Wilson’s ultimate target is Terry Valentine, a wealthy record producer
and Jenny’s lover, whose dazzling smile and easy charm is a good cover
for a man in denial about his shady activities.
Instead, Terry relies on his ruthless security man (Barry Newman) to
be the heavy while he dreamily talks about the ‘60s with a girl who
hadn’t even been born for almost another two decades. The movie is
peppered with others whose dreams have died over the years -- Eduardo
(Luis Guzman) and Elaine (Lesley Ann Warren), Jenny’s actor friends; a
young, cocky hit man (Nicky Katt); even a DEA agent (Bill Duke, in a
small cameo). All of them have a hard time understanding Wilson’s accent
(hence the title), which provides almost surreal comic relief. His take
on a group of valet parking attendants is very funny. The ending
couldn’t be better, and the scenes using the real-life Stamp (from 1967’s
“Poor Cow”) bring an added dimension to the film. It is in Wilson’s final
realization of what goes around, comes around that makes “The Limey” a
film with more wit, style and substance than any “Lethal Weapon 19” ever
could.
* SUSANNE PEREZ, 45, lives in Costa Mesa and is an executive assistant
for a financial services company. ‘Fight Club’ is painful,
philosophical
Based on the premise that at every man’s heart of hearts is a primeval
pugilist secretly wanting to return to the days of simplicity when men
were men and they could joyfully beat the crap out of each other without
fear of being labeled insensitive, “Fight Club” is, simply put, painful.
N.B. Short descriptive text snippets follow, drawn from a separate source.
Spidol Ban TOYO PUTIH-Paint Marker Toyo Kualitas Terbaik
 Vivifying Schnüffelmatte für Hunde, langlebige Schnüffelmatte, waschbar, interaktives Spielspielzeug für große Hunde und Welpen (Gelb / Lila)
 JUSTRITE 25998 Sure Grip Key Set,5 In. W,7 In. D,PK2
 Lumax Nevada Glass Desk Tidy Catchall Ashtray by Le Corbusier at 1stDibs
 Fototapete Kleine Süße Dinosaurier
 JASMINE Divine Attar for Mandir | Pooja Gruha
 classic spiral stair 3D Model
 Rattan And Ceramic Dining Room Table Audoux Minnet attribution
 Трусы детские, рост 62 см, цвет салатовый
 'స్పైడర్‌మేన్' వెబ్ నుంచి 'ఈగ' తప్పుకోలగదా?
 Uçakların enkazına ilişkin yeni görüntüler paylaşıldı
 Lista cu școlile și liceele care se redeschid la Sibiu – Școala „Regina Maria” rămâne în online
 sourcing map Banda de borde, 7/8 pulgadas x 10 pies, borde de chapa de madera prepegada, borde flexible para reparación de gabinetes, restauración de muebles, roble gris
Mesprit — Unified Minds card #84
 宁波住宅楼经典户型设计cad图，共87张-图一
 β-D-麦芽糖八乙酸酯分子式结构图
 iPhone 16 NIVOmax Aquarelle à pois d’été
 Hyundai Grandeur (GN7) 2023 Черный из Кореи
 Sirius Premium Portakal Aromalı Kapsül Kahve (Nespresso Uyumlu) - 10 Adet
Painfully lame, painfully long, and painfully lacking of any real story
that you would care to watch.
Existing in a despairingly dreary world of day-to-day hopelessness,
Jack (Edward Norton) has the ultimate dead-end job crunching numbers for
a major auto maker determining how many deaths constitute a need for a
product manufacturer’s recall. Unable to sleep, as a cathartic experience
he begins attending support group sessions for the sick and dying, where
he meets Marla Singer (Helena Bonham Carter) a chain-smoking, cheap,
trailer-trash type vixen of the streets.
Into both their lives comes Tyler Durden (Brad Pitt), the ultimate
nihilist and psuedo-philosophizing soap maker. Tyler preaches the gospel
of the Hairy Man of the Forest, stating we are a “generation of men
raised by women” and that in this world of crass consumerism “we work in
jobs we hate to buy things we don’t need.” That we’ve been raised to
think we’ll all grow up to be rich, we’ll all be rock stars and we’ll all
be beautiful -- but we won’t.
With that realization comes deep-seeded resentment and anger. And so
begins fight club, where men come together to beat each other senseless
with bare-knuckled abandon.
There are kernels of truth in Taylor’s premises of emasculated men,
consumeristic masses, and a pissed off public upset that the American
dream has somehow become a nightmare. But one kernel of truth does not a
tub of popcorn make, and I began to tune out the sophomoric philosophical
spewing about midway through the film.
Parts of the movie were entertaining, brilliantly conceived and
filmed, a product no doubt of the MTV generation film school. Parts were
uncomfortable and disturbing. And some parts were genuinely funny. But
the sum total of its parts do not make a whole film.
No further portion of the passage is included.